Combine all components to create comprehensive few-shot examples for multi-hop question answering.

In [None]:
# Generate few-shot examples
few_shot_examples = []

for i, sample in enumerate(selected_samples):
    print(f"Processing sample {i+1}/{len(selected_samples)}...")
    
    # Extract components
    question = sample['question']
    answer = sample['answer']
    question_type = sample.get('type', 'unknown')
    level = sample.get('level', 'unknown')
    
    relevant_contexts = extract_relevant_contexts(sample)
    irrelevant_contexts = extract_irrelevant_contexts(sample)
    missing_data_query = generate_missing_data_query(sample, relevant_contexts)
    
    # Create a simple query based on the question for comparison
    simple_query = question.replace('?', '').strip()
    if len(simple_query) > 50:
        # Take first part of long questions
        simple_query = ' '.join(simple_query.split()[:8]) + '...'
    
    # Create few-shot example
    few_shot_example = {
        'id': sample['id'],
        'question': question,
        'answer': answer,
        'type': question_type,
        'level': level,
        'relevant_contexts': relevant_contexts,
        'irrelevant_contexts': irrelevant_contexts,
        'query': missing_data_query,  # Main generated query
        'simple_query': simple_query,  # Simple fallback query
        'num_supporting_facts': len(sample['supporting_facts']['title']),
        'total_context_docs': len(sample['context']['title'])
    }
    
    few_shot_examples.append(few_shot_example)
    
    # Print progress info
    print(f"  Question type: {question_type}, Level: {level}")
    print(f"  Supporting facts: {len(relevant_contexts)}, Irrelevant contexts: {len(irrelevant_contexts)}")
    print(f"  Generated query: {missing_data_query}")
    print()

print(f"Generated {len(few_shot_examples)} few-shot examples!")

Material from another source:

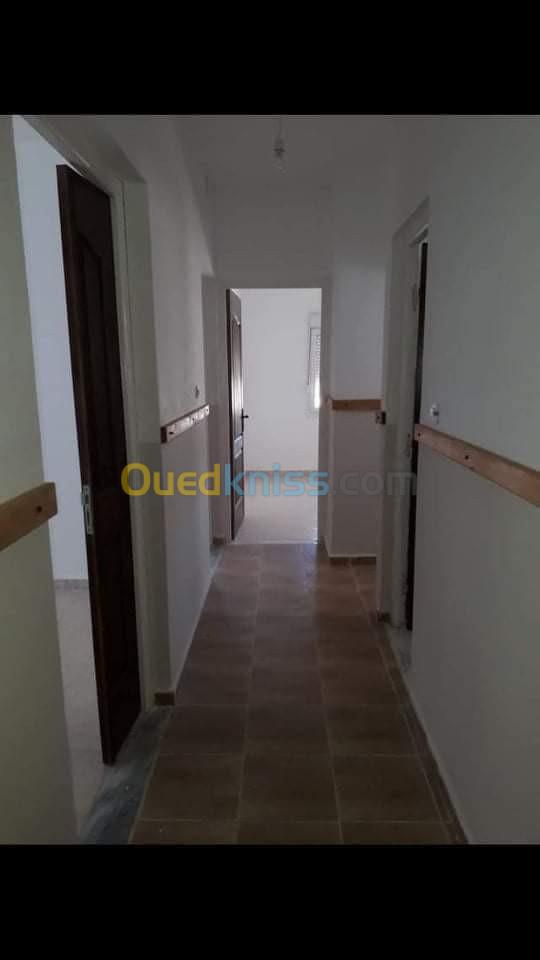 Echange Appartement F3 Guelma Ben djarah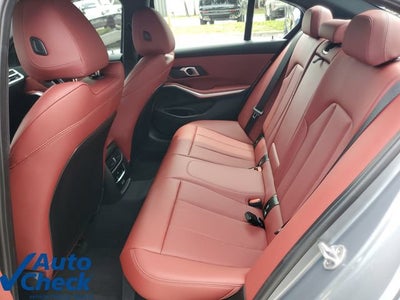 2026 BMW 3 Series 330i NA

## 8. Display Generated Few-Shot Examples

Let's examine the generated few-shot examples to verify their quality.

In [None]:
# Display the generated few-shot examples
for i, example in enumerate(few_shot_examples[:3]):  # Show first 3 examples
    print(f"\n{'='*60}")
    print(f"EXAMPLE {i+1}")
    print(f"{'='*60}")
    
    print(f"\nID: {example['id']}")
    print(f"Type: {example['type']} | Level: {example['level']}")
    print(f"Supporting Facts: {example['num_supporting_facts']} | Total Context Docs: {example['total_context_docs']}")
    
    print(f"\nQuestion: {example['question']}")
    print(f"Answer: {example['answer']}")
    
    print(f"\n--- RELEVANT CONTEXTS ({len(example['relevant_contexts'])}) ---")
    for j, ctx in enumerate(example['relevant_contexts']):
        print(f"  {j+1}. [{ctx['title']}] (Sent {ctx['sentence_id']})")
        print(f"     {ctx['sentence']}")
        print()
    
    print(f"--- IRRELEVANT CONTEXTS ({len(example['irrelevant_contexts'])}) ---")
    for j, ctx in enumerate(example['irrelevant_contexts']):
        sentence_preview = ctx['sentence'][:100] + '...' if len(ctx['sentence']) > 100 else ctx['sentence']
        print(f"  {j+1}. [{ctx['title']}] {sentence_preview}")
    
    print(f"\n--- GENERATED QUERIES ---")
    print(f"Main Query: {example['query']}")
    print(f"Simple Query: {example['simple_query']}")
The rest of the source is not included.